The US is perhaps the only country where the fluctuations in the cost of gas are news. Monitoring the cost at the pump is a uniquely American pastime – and one often with a political tinge.
With a record 39 million Americans expected to hit the roads for Memorial Day weekend, RT looks at why gas prices matter so much in America.
A country built for cars
Americans drive a lot because they have to. Outside of a handful of urban centers, public transportation is often essentially non-existent. This is, in a certain sense, by design.
The postwar period was a time of great economic expansion for the US. But exactly how it chose to build up its infrastructure was consequential. The model chosen was primarily low-density suburbs connected by high-speed roads. This kept work, commerce, and leisure at a distance from each other. And meant more driving.
What made this possible is the Interstate Highway System built in the 1950s. Launched by the Federal-Aid Highway Act of 1956, it authorized building an astounding 41,000 miles of roadways, the largest public works project in American history. The legislation was, not surprisingly, heavily lobbied for by the leading American automobile manufacturers.
The new highway grid enabled fast car travel at a national scale, but also reinforced diffuse settlement: if you can drive everywhere, you don’t need to live near anything. American middle-class life came to be indelibly associated with suburbia. Dependency on cheap gasoline, meanwhile, became psychologically linked with middle-class mobility and suburban expansion.
The numbers
Gasoline in the US is significantly cheaper than in Europe, where taxes are stiff. It is also the cheapest relative to wages among select major countries. However, the relatively lower price is more than offset by much higher consumption by Americans. The average American driver consumes nearly 575 gallons per year, which is about three times as much as the average German driver – and Germany is a car-loving country.
Largely for this reason, it is a much more sensitive and economically salient indicator.
With gas at $3 per gallon – roughly the average level before the Iran war – the yearly gas bill comes to about $1,725, or $144 per month. With gas at $4.56, as is the current nationwide average, that figure jumps to $2,622 per year, or $219 per month.
So the difference between the two is about $900 per driver per year, a significant economic headwind. It also bears keeping in mind that the vast majority of American families have two adult drivers, so household outlays for gas are significantly higher.
The big signs
The numbers, however, don’t tell the whole story. One unique feature about America is that gas prices are displayed publicly everywhere. Americans encounter giant illuminated price signs constantly. In fact, the largest and most visible part of the sign is often not the company’s logo but the current price. Americans would probably think this strange if they weren’t so used to it. Gasoline prices are among the few prices consumers see in real time every day. Eggs may rise 20%, but consumers don’t pass a six-foot-tall egg billboard on the highway twice daily.
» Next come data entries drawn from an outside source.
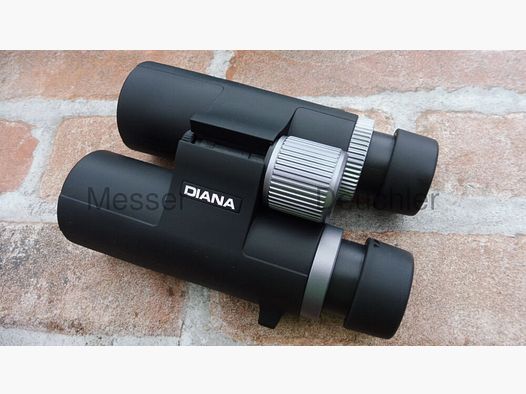 DIANA 8x42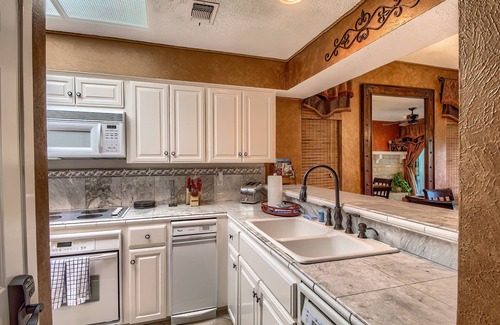 New Braunfels Condominio | Come Stay at the Beautiful River Haus at Camp Warnecke Estates!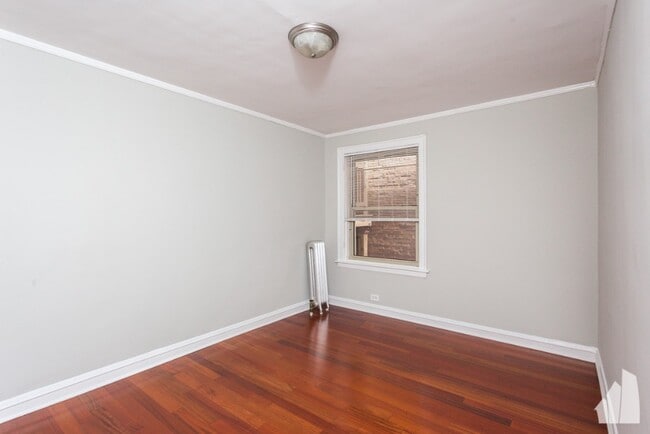 Building Photo - 544 W Surf St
Gas prices are also an exacting science. In a country where five dollars barely gets you a cup of coffee anymore, an archaic convention has held on: prices are shown in tenths of a cent. Instead of rounding to the nearest cent, American gas stations will show $3.499, or $3.49 ⁹/₁₀, instead of $3.50. This unusual artifact of the gas station industry dates back to the early 20th century and has improbably held on.
This constant visibility gives gasoline a prominence that other cost items rarely achieve. Rent, healthcare premiums, or grocery bills rise and are noticed, but these changes are less frequently reinforced.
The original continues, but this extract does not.